Improving organizations is about taking care of your people and what they care about.

And in the sentence “what they care about“, the important word is not “what” (it’s none of your business) nor is it “care” (how they do it: again, it’s personal to them). What’s important is “they“.

  • If you want money in your pocket as a manager, you won’t be able to motivate people.
  • If you want to improve your organization’s efficiency, you won’t be able to motivate people.
  • If you want to serve your customers better, you won’t be able to motivate your people.

In order to motivate your people, you need to help them identify their WIIFM factor: What’s In It For Me?

You need to ensure your people have identified what motivates them (but they’ll tell you only if they want to). You need to provide them with the support they need from you.

By instituting a permanent Dialogue between your people regarding what and how they want to contribute to the world, you will be able to fuel the change your organization desperately needs. By building on what works for them, they’ll build an organization that will also:

  • work well (efficiency)
  • provide your customers what they want (efficacy)
  • and help them fulfill their dreams
  • which may, in the end, provide some earning for you (and them) as a side effect.

Of course, you need to trust your people to be able to come to an agreement about making a profitable company. But do you sincerely think they’ll imagine something that can’t pay their salary?

If you don’t trust your people, they’ll notice and they won’t trust you. Self-fulfilling prophecy.

Try giving first and see what happens. Only a bit, something that you won’t regret afterwards. Notice how it comes back, sometimes bigger. Then, next time, gives a bit more.
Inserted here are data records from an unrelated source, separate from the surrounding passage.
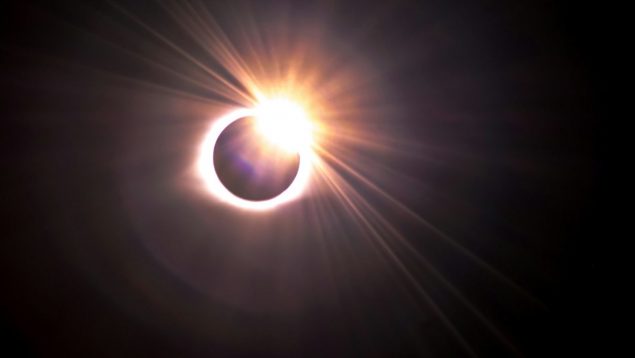 Cinco consejos para ver el eclipse solar de abril sin dañar tus ojos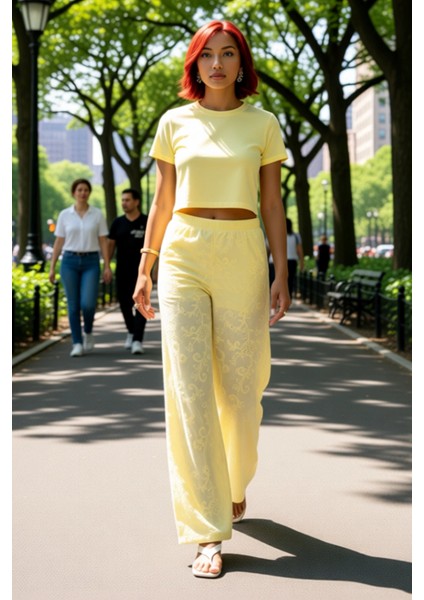 Kadın Brode Desenli Geniş Paça Pantolon Fonksiyonel Dayanıklı Kaliteli Konforlu Estetik Şık modelleri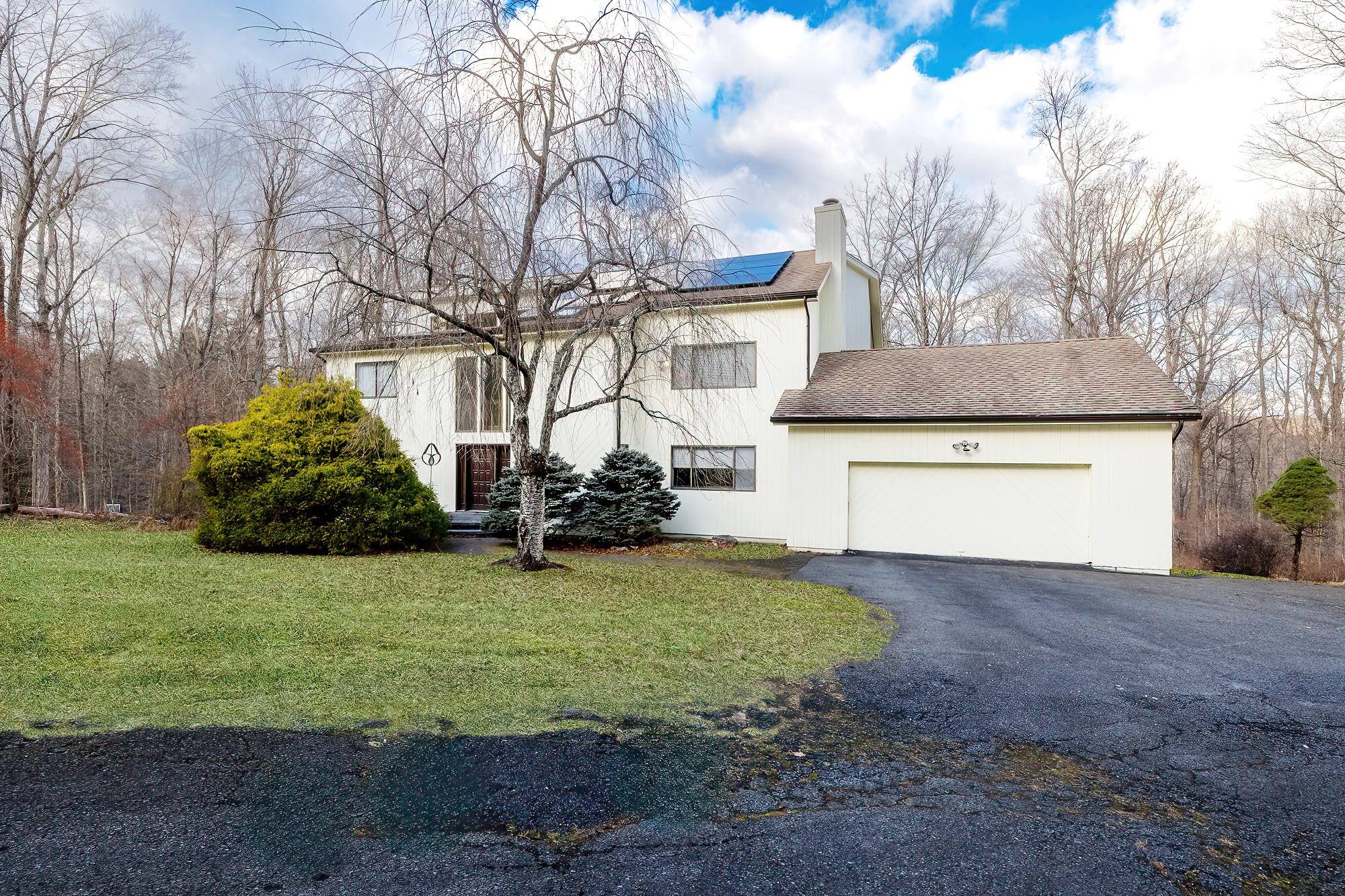 Amawalk, NY 10501,13 Bedell RD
And a bit bigger next time.

Then ask your people now that you’ve rebuild a trust relationship what they would like from you first.

And then give it to them.

Then see.

Enjoy.

 

What Steve Jobs can teach us in order to really appreciate systems?

Here is a very nice article from The Personal Excellence Blog. I will just recall the 11 points made over there:

  1. Life is what you make it out to be
  2. Dream big – very big
  3. The greatest things started somewhere
  4. Certifications don’t matter
  5. Live every day like it is your last
  6. Stop listening to what others say
  7. Do not underestimate the impact you can have on the world
  8. Failure only happens when you deem it to be so
  9. Do what you love
  10. Have faith – Never lose hope
  11. Outdo yourself – Over, and over again

Isn’t this a near perfect mix of Appreciative Inquiry and Solution Focus?

I’ve read elsewhere that you need to always think big because lower and mid-levels are already crowded. There’s still room available at the most higher levels: it might be easier to play big than to make room for yourself in mediocrity.

Let me rewrite the list by adding the powerful concepts at play underneath:

  1. Life is what you make it out to be – constructivism, appreciative inquiry
  2. Dream big – very big – constructivismappreciative inquiry
  3. The greatest things started somewhere – solution focus (smallest next action)
  4. Certifications don’t matter – strengths
  5. Live every day like it is your last – Buddha also said: and learn as if you would never die
  6. Stop listening to what others say – be active in constructivism, don’t let others construct you!
  7. Do not underestimate the impact you can have on the world – constructivism again: your questions are fateful, appreciative inquiry as well
  8. Failure only happens when you deem it to be so – constructivism!
  9. Do what you love – what else? Solution focus also
  10. Have faith – Never lose hope – constructivism though indirectly: when you want something strong enough, the universe will conspire to make it happen (recalled from memory, Paulo Coelho)
  11. Outdo yourself – Over, and over again – constructivism as well: think big and it’ll happen to you because you’ll construct the world accordingly.

Thanks Celes for writing this excellent article!